Gabor Maté (Hold On to Your Kids: Why Parents Need to Matter More Than Peers)
In 1925, Gerardo Machado defeated the conservative Mario García Menocal by an overwhelming majority, becoming Cuba's 5th president. A colleague of Alfredo Zayas, he was also a popular Liberal Party member, and a General during the Cuban War of Independence. General Machado was best known for rustling cattle from the Spanish Imperial Army’s livestock herd, with the good intention of feeding the poor during the revolution. This brazen act of kindness won him a great deal of support among the people. As President, he undertook many popular public projects, including the construction of a highway running the entire length of Cuba. During the beginning of his career as president, he had the National Capitol, as well as other government buildings, constructed in Havana. At first, he did much to modernize and industrialize the mostly agrarian nation. Benito Mussolini and his march on Rome impressed Machado. He admired Mussolini for demanding that liberal King Victor Emmanuel III of Italy elevate the Fascists to power, instead of the Socialists. Although Mussolini originally started his political career as a Socialist, with power and wealth he became a staunch anti-communist. When he was elected as the 27th Prime Minister, he turned Italy into a Totalitarian State. Machado’s ambitions and admiration of Mussolini caused him to emulate the dictator and to misread the importance of his own office.
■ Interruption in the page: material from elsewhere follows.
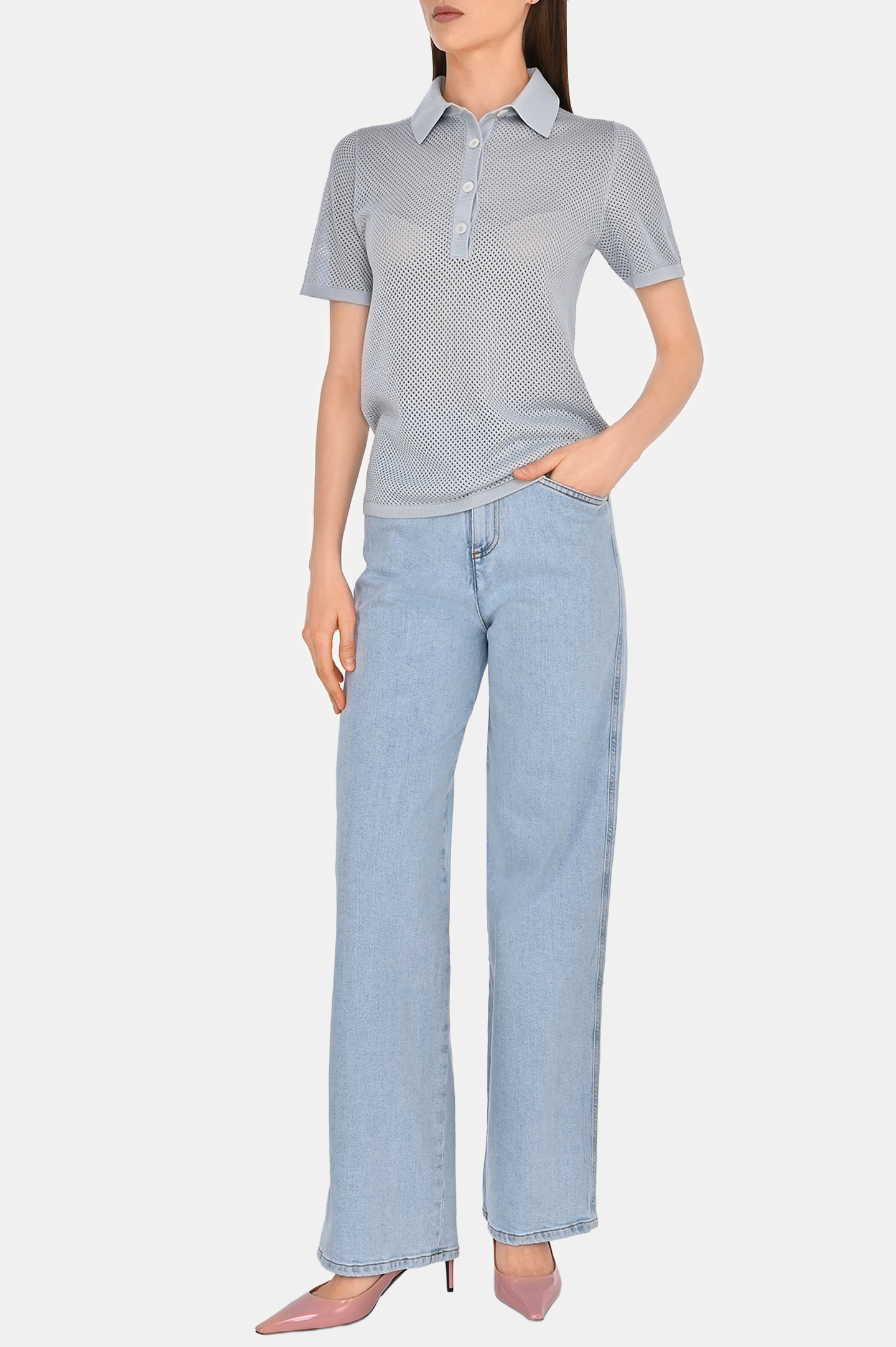 Джинсы KITON DJ53102K0930F0, цвет: Голубой, Женский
Becoming a “legend in his own mind,” he overreached and started down a slope that led to his administration’s failure and earned him the hatred of the Cuban people. From the very beginning, he fought with the labor leaders and anarchists for control of the labor unions, which represented the workers in the sugar industry. This brought him into a serious conflict with the plantation owners who were mostly wealthy Cuban families and Americans. Keeping the cost of labor down became a priority for the Sugar Barons, and Machado used patriotism as a tool to keep the workers in line. His dictatorial, arrogant ways created unrest within the labor force, as well as with the politically active university students.